Friday, 11 May 2012
Kimberley Walsh & Alfie Boe - One Vision
What do we think about what effectively amounts to Kimberley Walsh's third solo musical effort after her Aggro Santos collab and the Horrid Henry soundtrack job? Well, the thing about her cover of Queen's One Vision is that you have to approach it on two levels.
At face value, I think it's fair to say that it's probably the weakest track any of Girls Aloud - either as a combined force or individually - have released as a single. Queen are one of those bands that you just don't touch when it comes to covers, it's too much of an impossibility to ever come close to matching anything of Freddie Mercury's original performances on the tracks. It's in the pizzaz of it all, and the flamboyant diction.

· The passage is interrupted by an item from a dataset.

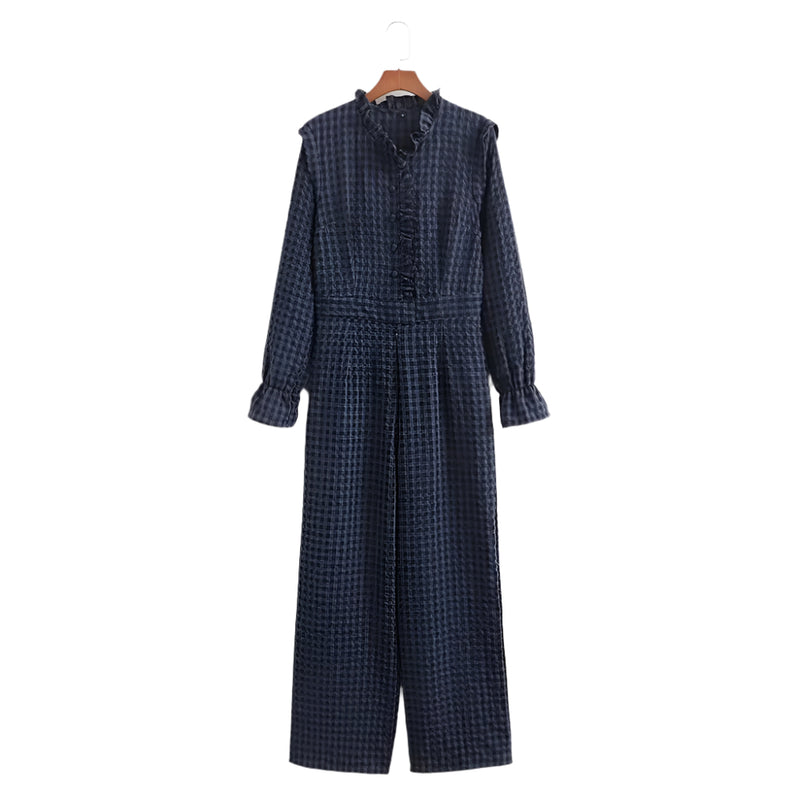 Bubbelärmad rutig jumpsuit för kvinnor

And you'd sort of think, that with her theatrical background (and Kimberley really has utterly excelled in Shrek of late), that flamboyance would suit Kimberley. But in this case, it really doesn't - it's sort of like a Glee version of Queen, if Glee was populated by successful British popstars. Too studied, too safe, too predictable. And Alfie Boe's operatical blasts across the track certainly don't help either - it trips the track over into a kind of Mary Poppins-esque extravaganza of jazz-handed showbizness that wipes away the firey heart of the original.
What does the cover have going for it then? Well, for starters - because it comes from one fifth of Girls Aloud, we - as long-serving eternally loyal fans - feel honour bound to purchase it, which we did. There's also the fact this is all in support of the Olympics and Team GB, and we felt it might be rather patriotic of us to 'do our bit' and part with our pennies. And to be fair to this re-work of the Queen classic, we rather like the way they've kept much of the production pretty faithful to the original - those strings sections are really quite gorgeous.
And above all, there's a real heart-bursting sense of inherently British pride to the whole thing. It makes you swell with passion for our great nation, this wonderful land that has had the fair grace to produce such musical greats as Queen and Girls Aloud. And while this cover presents a rather cock-eyed look at both groups' ongoing legacies, we like to think we can take One Vision as a reminder of how good they are in their own right rather than this rather outlandish mish-mash of extravagance.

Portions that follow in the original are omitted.